In Clinger's technique, the concatenation would require all of them to use the most generic UTF-8 encoding.  If the total concatenated string is less than 80 (or whatever length is used for subparts) in length then Clinger's representation has O(n) text-ref.

On the other hand, with ropes, if we index inside the ASCII part, we can get true O(1) text-ref.  We need to traverse the (cat r1 r2) nodes a little, but effectively we can get to the characters in 2 operations for this case.

Converting from standard Scheme strings to these ropes would be O(n), mostly because we'd be scanning to check if the Scheme string can be implemented using the ASCII representation, or the BMP representation, a combination, and so on.  Ropes also allow more sharing, not just between strings and substrings, but also strings and their concatenations.

This is all really just an argument: is O(1) text-ref truly practical?

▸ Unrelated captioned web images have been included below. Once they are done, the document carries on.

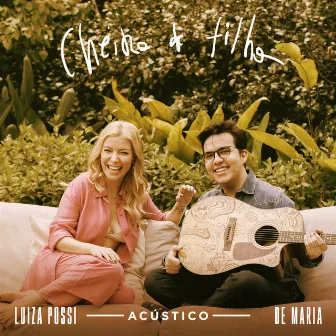 Cheiro de Filho (Acústico) by De Maria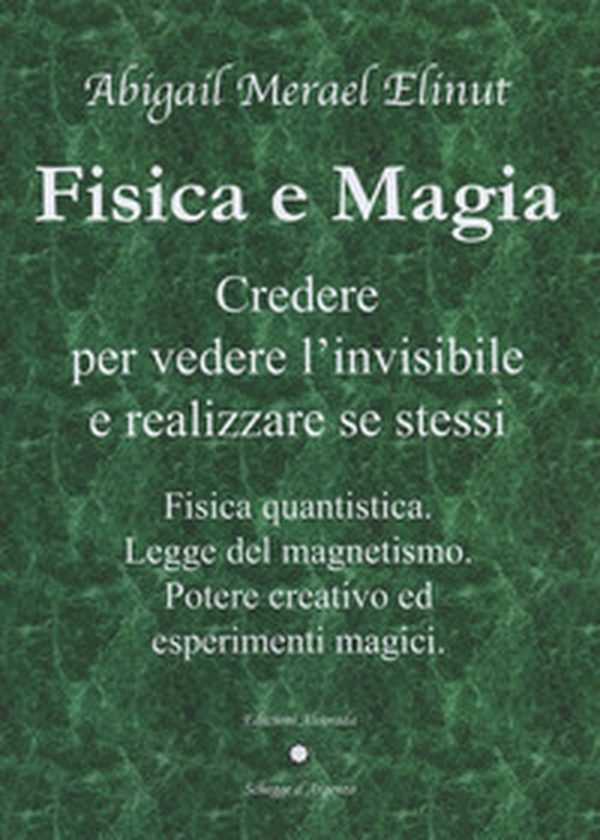 Fisica e magia. Credere per vedere e realizzare se stessi. Fisica quantica. Legge del magnetismo. Potere creativo ed esperimenti magici - Librerie.coop Fisica e magia. Credere per vedere e realizzare se stessi. Fisica quantica. Legge del magnetismo. Potere creativo ed esperimenti magici - Librerie.coop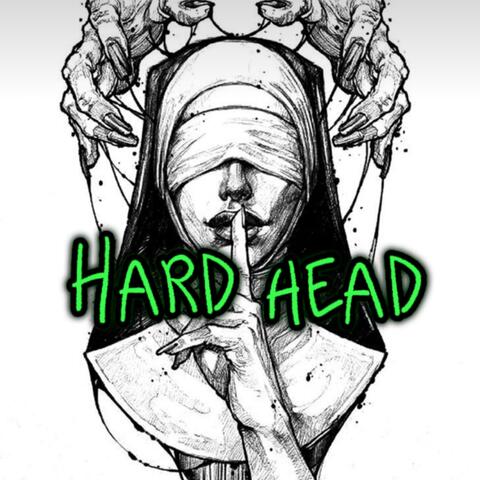 HARD HEAD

I think that it's better to leave text-ref at O(log n) or even O(n), and instead require *traversal* to be O(n).

For example, most string operations I know of require traversal in one direction only.  So instead, I propose these operations:

    (make-text-cursor text) -> text-cursor  O(log n)

Create a text cursor for traversing a text, pointing to the first character.

    (make-text-cursor-at-end text) -> text cursor  O(log n)

Create a text cursor for traversing a text, pointing to one past the last character.

    (text-cursor? datum) -> bool  O(1)

Return true if the datum is a text cusor.

    (text-cursor-copy text-cursor) -> text-cursor  O(1)

Copy the text cursor's state.  The original and the copy may traverse the same text independently of each other.

    (text-cursor-at-first? text-cursor) -> bool  O(1)

Return true if the cursor is at the first character of the text.

    (text-cursor-at-end? text-cursor) -> bool  O(1)

Return true if the cursor is one past the end of the text.

    (text-cursor-ref text-cursor) -> character  O(1)

Return the character at the cursor.  It is an error to call this procedure if text-cursor-at-end? would return true for the given cursor.

    (text-cursor-next! text-cursor) -> unspecified  O(1)
    (text-cursor-next! text-cursor exact-number) -> unspecified  O(n)

Move the text-cursor forward in the text.  If exact-number is given, advance it by that number of characters.  It is an error for exact-number to be 0, negative, infinite, or not a number.  O(n) for this case is O(n) on the exact-number given.

    (text-cursor-prev! text-cursor) -> unspecified  O(1)
    (text-cursor-prev! text-cursor exact-number) -> unspecified  O(n)

Move the text-cursor backward in the text, similar to text-cursor-next!

    (text-cursor=? text-cursor1 text-cursor2) -> bool  O(1)

Return true if the text cursors are pointing to the same character position in the text.  It is an error (which may or may not be signaled) if the text-cursors are traversing non-identical strings.

This API can be implemented on top of either ropes or Clinger's technique, while achieving the specified complexity.  I suspect it is practical to build most of the existing text API on top of this one.


Sincerely,
AmkG


[Footnote 1] Because I'm a cat, that's why.  Meow.